● Directions for this task:
The response should repeat word for word every line below from the one with "Essen, North Rhine-Westphalia, Germany" to the one with "Detail image of", inclusive, and nothing else; leave pictures out.

● The data:
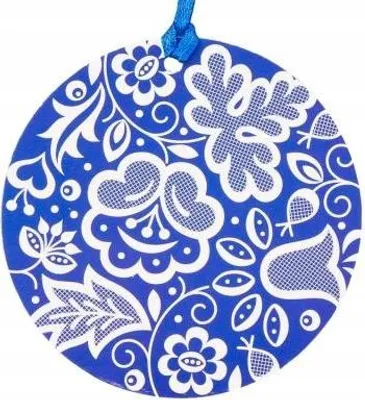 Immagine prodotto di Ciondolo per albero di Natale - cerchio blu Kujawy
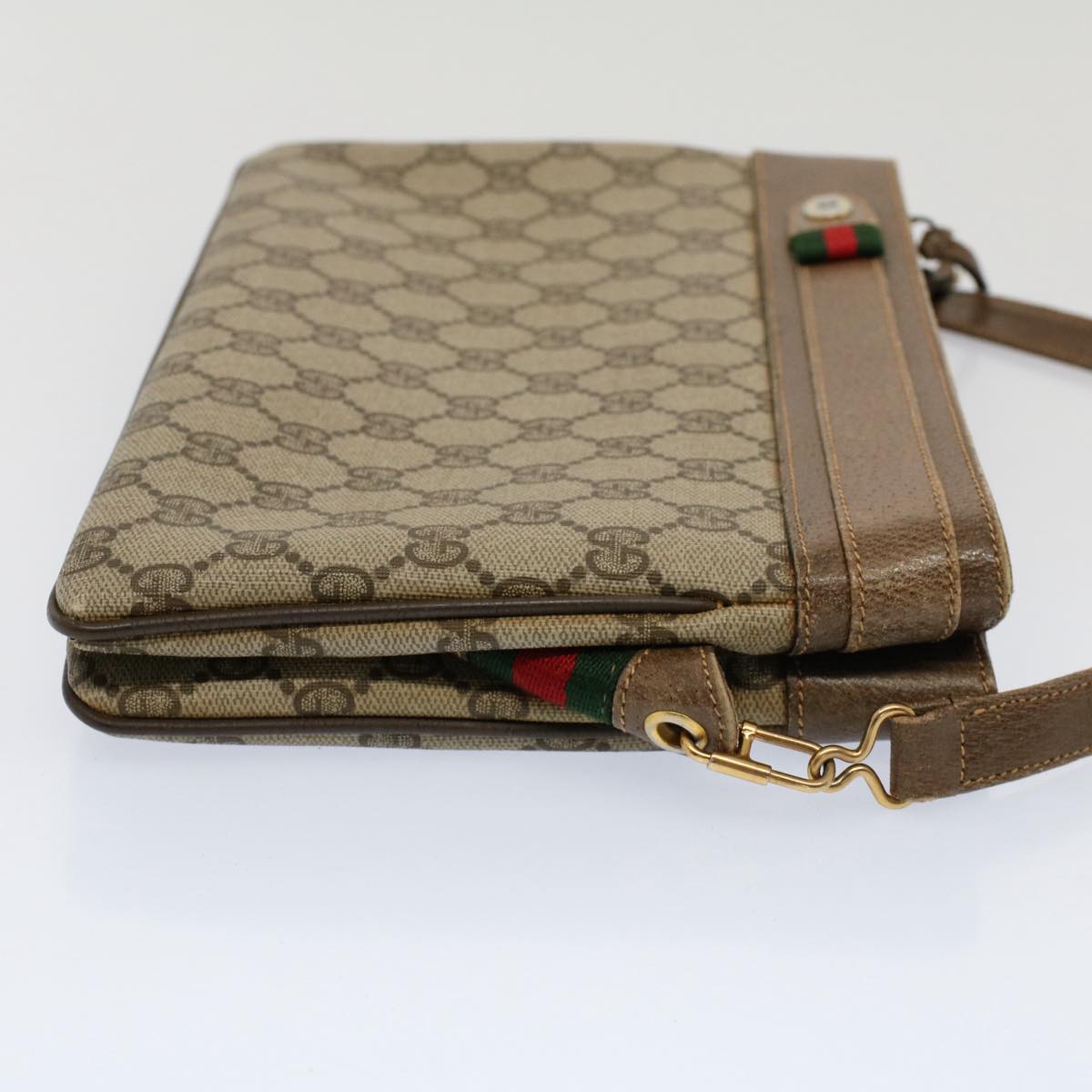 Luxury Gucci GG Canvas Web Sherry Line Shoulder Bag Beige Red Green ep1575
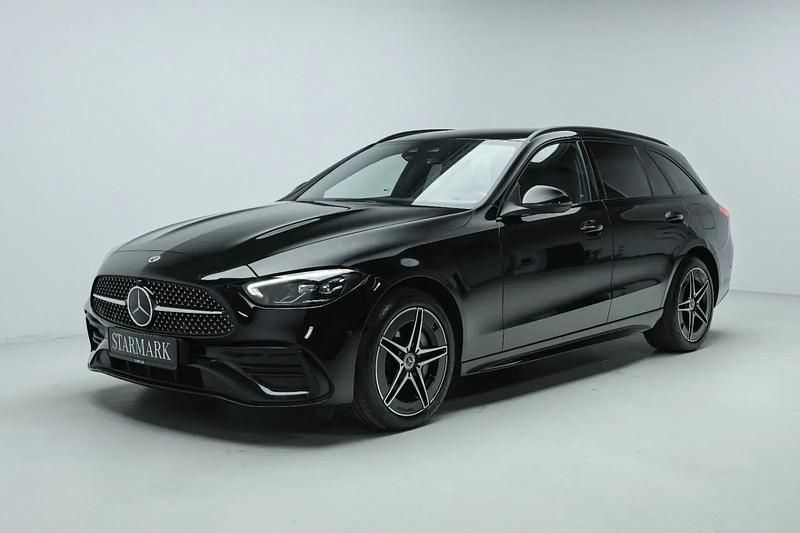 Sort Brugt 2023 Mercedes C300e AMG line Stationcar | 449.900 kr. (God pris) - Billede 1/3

==

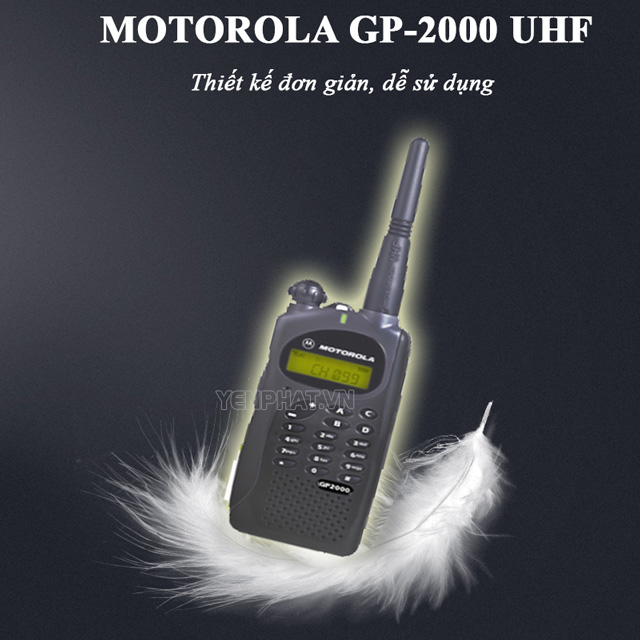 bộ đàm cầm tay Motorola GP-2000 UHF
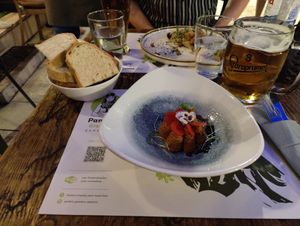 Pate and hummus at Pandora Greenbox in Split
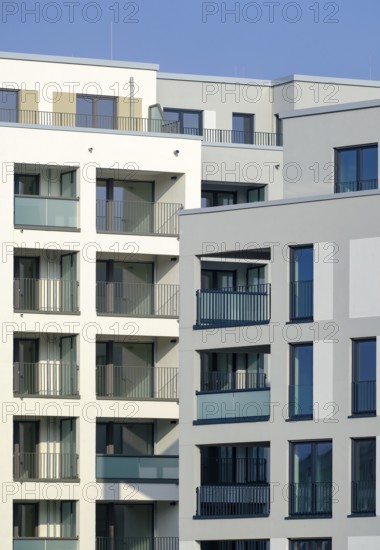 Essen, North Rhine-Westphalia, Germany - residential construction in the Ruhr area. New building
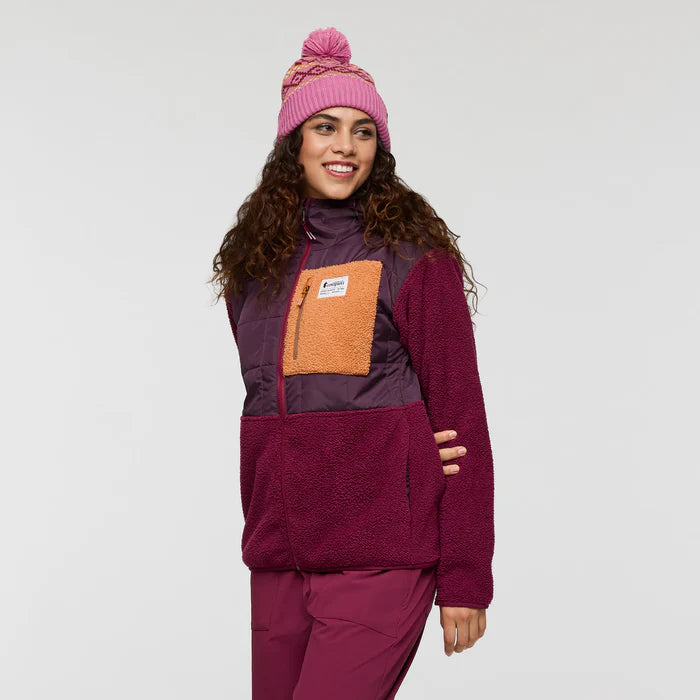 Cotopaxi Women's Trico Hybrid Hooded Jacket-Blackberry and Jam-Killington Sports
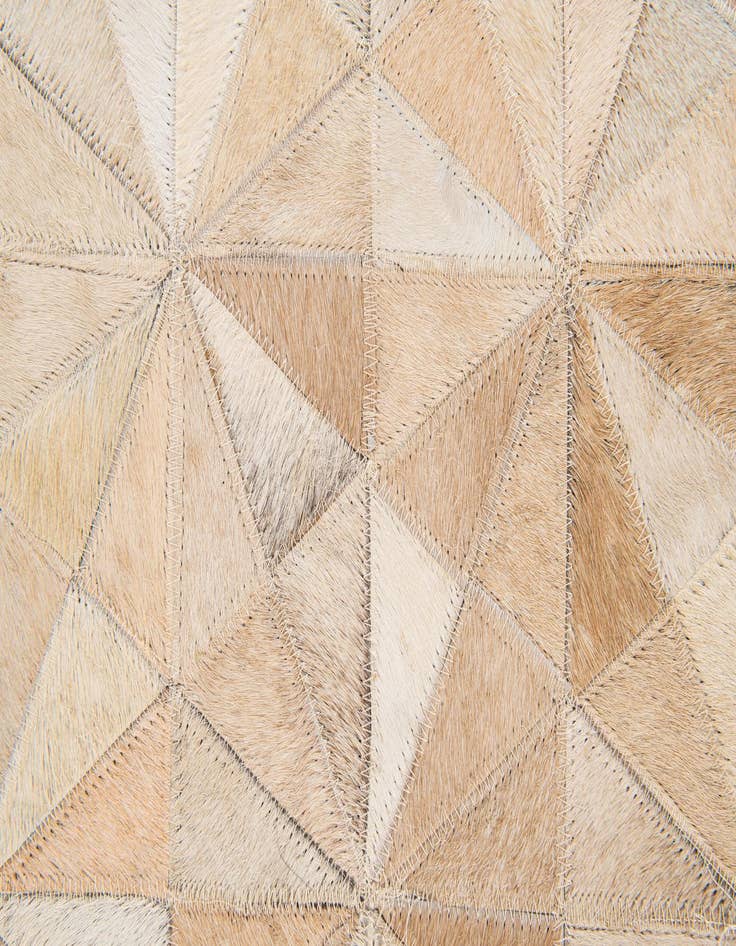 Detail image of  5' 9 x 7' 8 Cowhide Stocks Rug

● Response to this task:
 Essen, North Rhine-Westphalia, Germany - residential construction in the Ruhr area. New building
 Cotopaxi Women's Trico Hybrid Hooded Jacket-Blackberry and Jam-Killington Sports
 Detail image of  5' 9 x 7' 8 Cowhide Stocks Rug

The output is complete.